When you see an engineering fabrication drawing, you will notice several welding symbols on the drawing. Weld symbols and welding symbols enable the designer to communicate and convey the required welding details to the fabricator. In the absence of these symbols, the designer must place explanation notes on the drawing for each weld joint, which consumes space and time and lacks clarity.

 

To overcome this problem, the designer uses welding symbols to convey the type of weld groove, groove size, depth of the groove, length of weld, and several other details. These welding symbols are understood by the designer, fabricator, and all the others concerned with it.

 

This article takes you through welding standards followed by the fabrication industries, about weld symbols and welding symbols, a brief explanation of different types of welding and their weld symbols, a schematic of a welding symbol with the standard location for its elements, few examples of welding symbols and its meaning for the fabricator, and few important differences between AWS and ISO standards.

 

Different Welding Symbol Standards

 

There are different welding standards followed by the fabrication industry all over the world, but the major welding standards are:

 

 

In this article, we discuss the welding symbols as per the AWS standard, and there will be a brief discussion on the major differences between AWS and ISO standards.

 

Welding Symbols Chart (Drawing Welding Symbols)

 

Weld Symbols and Welding Symbols 

 

It is important to understand the difference between a welding symbol and a weld symbol.

 

A weld symbol represents a particular type of weld (groove welding, fillet welding, plug welding, etc.) and always forms a part of the welding symbol drawn on a fabrication drawing.

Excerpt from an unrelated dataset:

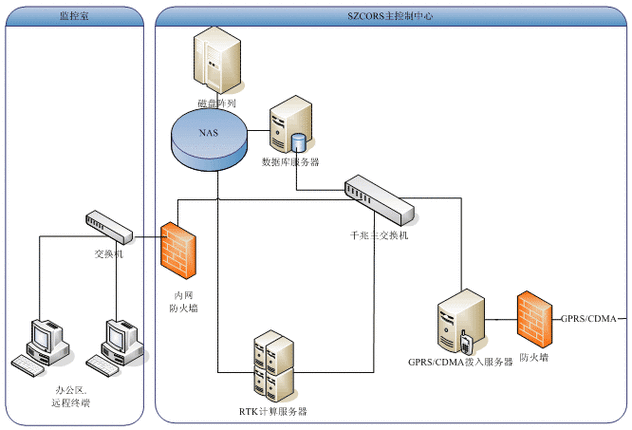 探针技术系统结构如何实现高效接入？-图3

Each type of weld has its symbol. The weld symbols are always placed on the reference line of the welding symbol.

 

A welding symbol is what you see on the fabrication drawing. It communicates the location of welding, the type of welding, and all the other details required by the fabricator to execute the fabrication. A welding symbol uses ‘weld symbols‘ to convey the type of weld joint required.

 

We will discuss welding symbols and weld symbols in detail in the forthcoming paragraphs.

 

Schematic of a Welding Symbol

 

Let us discuss and understand the different elements of a welding symbol and their standard locations.

 

Welding Symbols Chart
(The welding symbol on a fabrication drawing is always read from left to right)

 

Reference line: This is a horizontal line on which different weld symbols and weld details are placed, and it conveys all the welding information required by the fabricator. Every weld detail or symbol has a fixed location. The reference line is always drawn nearer to the weld joint, and the weld details about the weld joint are placed in their fixed locations.

 

Arrow or arrow line: The arrow or arrow line connects the reference line to a weld joint on the fabrication drawing. The weld details on the reference line pertain to the weld joint pointed by the arrow. The arrow may point towards the left or right, but the details on the reference line are always read from left to right.

 

Arrow side and the other side: All weld joints have two sides, and you can find weldments that require welding on only one side or both sides. The weld details on each side can be independent of the other. The welding symbol differentiates the two sides of the welding by using the arrow connected to the reference line and the space above and below the reference line. In the welding symbol parlance, the weld side pointed by the arrow is the ‘arrow side,’ and the remaining weld side is named the ‘other side.’

 

The details of arrow side welding are always placed below the reference line, and the details of the other side welding are always placed above the reference line.

 

The rule that the weld details placed below the reference line pertain to the arrow side and the weld details placed above the reference line pertain to the other side will not change whether the arrow points towards the left or right.

 

Tail (T): The designer uses the tail portion to mention weld details such as a particular welding process (TIG welding, flux-cored arc welding, or any other welding process, back or backing welding, etc.) or other details that are not covered by weld symbols. The tail can be omitted if the designer has no additional details to convey.

 

S: Based on the welding type, the designer uses this location to give depth of the groove for groove weld, fillet weld size, size of plug or slot for plug/slot welding, etc.

 

E: Based on the weld type, the designer uses this location to give weld size for groove weld, leg size for fillet weld, etc. The groove weld size is always placed within the brackets, whereas the fillet weld leg sizes are placed without a bracket.

 

The details ‘S’ and ‘E’ are always placed to the left of the weld symbol on the reference line

 

F: The designer uses this location to mention the workshop process used for obtaining the mentioned contour, and the process can be Chipping (C), Rolling (R), Grinding (G), Hammering (H), Machining (M), or Unspecified (U).

 

A: The designer uses this to convey groove angle for groove weld or included angle of the countersink (for countersunk plug welds).

 

__: The little horizontal line between A and F indicates the required contour of the finished weld, which can be concave, convex, or flat.

 

L: L indicates the weld length, and its location is always on the right side of the weld symbol.

 

P: P is the pitch (center to center distance between consecutive intermittent weld lengths), indicating intermittent welding and spacing between them.

 

Note that a small dash separates L and P.

 

N: N indicates the number of welds for plug or slot welds, stud welds, projection welds, etc.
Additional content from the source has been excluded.